Tax Overhaul in Cyprus Omits 60% of Workers Earning Less Than €20,500
Under the forthcoming tax reform in Cyprus, effective from January 1, 2026, low-income workers and families will see significant changes aimed at providing relief and support.
One of the key measures designed to benefit low-income workers is an increase in the tax-free income threshold from €19,500 to €20,500. This adjustment means that individuals earning up to €20,500 will pay no income tax, offering immediate relief to low-wage workers.
The reform also introduces new progressive tax brackets, with the 0% rate applied up to €20,500, followed by higher rates ranging from 20% to 35% for income above this threshold. This structure is intended to be fairer and more supportive of those at the lower end of the income scale.
In addition, there are targeted tax deductions aimed at families with joint income up to €80,000. These incentives include €1,000 per working spouse for each child and mortgage or rental deductions related to the first home. These measures are designed to ease family financial burdens and promote sustainable living and homeownership.
Furthermore, up to €1,500 per spouse can be claimed for home loan or rent payments, providing additional assistance to families.
President Christodoulides has reiterated that the tax reform will be implemented on January 1, 2026. Four bills related to the tax reform are being prepared and are expected to be completed by next Friday.
The tax reform also includes other changes, such as the abolition of the 1.5% insurance premium tax for insurance companies and a proposal to tax cryptocurrencies, except when classified as capital gains.
However, it is important to note that the tax reform does not address the concerns of low-income earners earning less than €20,500 annually, despite repeated assurances that this segment "would receive special attention."

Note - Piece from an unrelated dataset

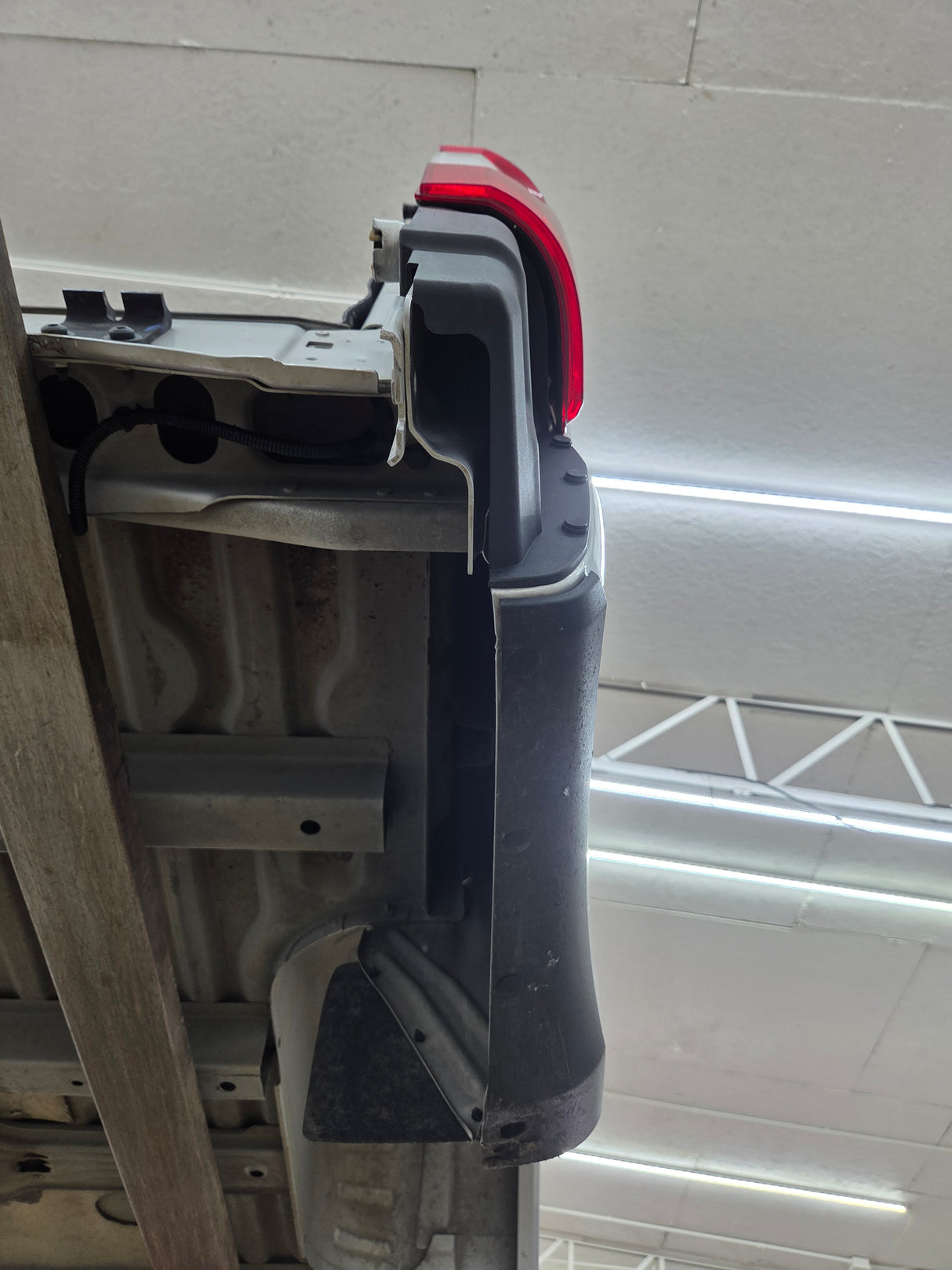 2017-2022 Ford F250 F350 Super Duty 6' 9" Short Truck Bed
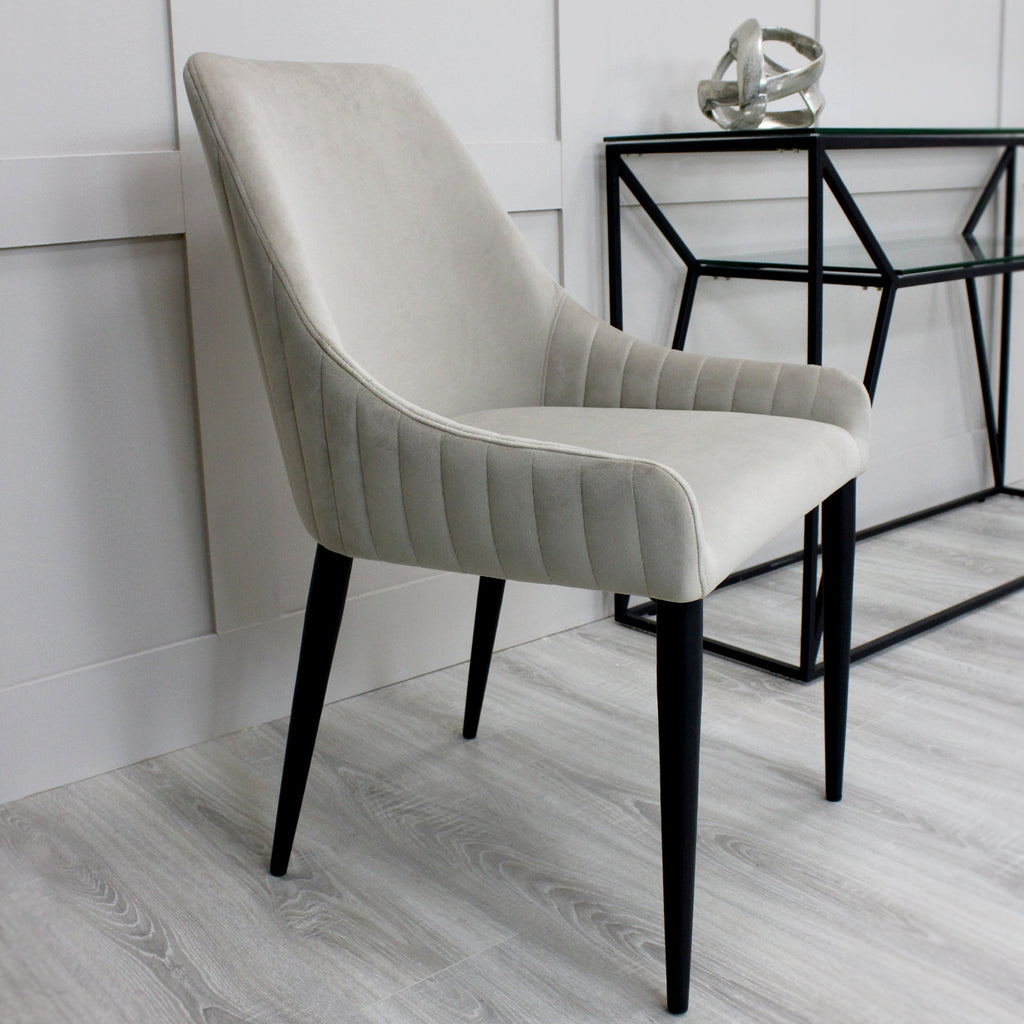 Chaise de salle à manger Vera en velours beige avec pieds noirs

Moreover, the €270 million in additional revenue generated by the corporate tax hike will not be distributed to workers earning less than €20,500 annually.
The Finance Minister, Makis Keravnos, has stated that targeted measures for low-income workers will come under the green taxation framework. The exact details of these measures are yet to be announced.
A business owner currently receiving €80,000 annually in dividends would save around €10,000 annually under the new system, while the fiscal cost of these changes is projected at €150-€170 million from individual taxpayers and €230-300 million from reduced defense contributions.
[1] Source: Cyprus Ministry of Finance press release, dated October 1, 2025.
- The Finance Minister has announced that targeted measures for low-income workers will be included under the green taxation framework, aiming to provide further support to this segment.
- Despite the tax reform's focus on families, there is no specific relief or assistance for EU citizens based in Cyprus who are earning less than €20,500 annually.
- Under the forthcoming tax changes, certain business owners in Cyprus can anticipate savings of approximately €10,000 annually due to the new tax system, although the exact details of these measures for low-income workers are yet to be disclosed.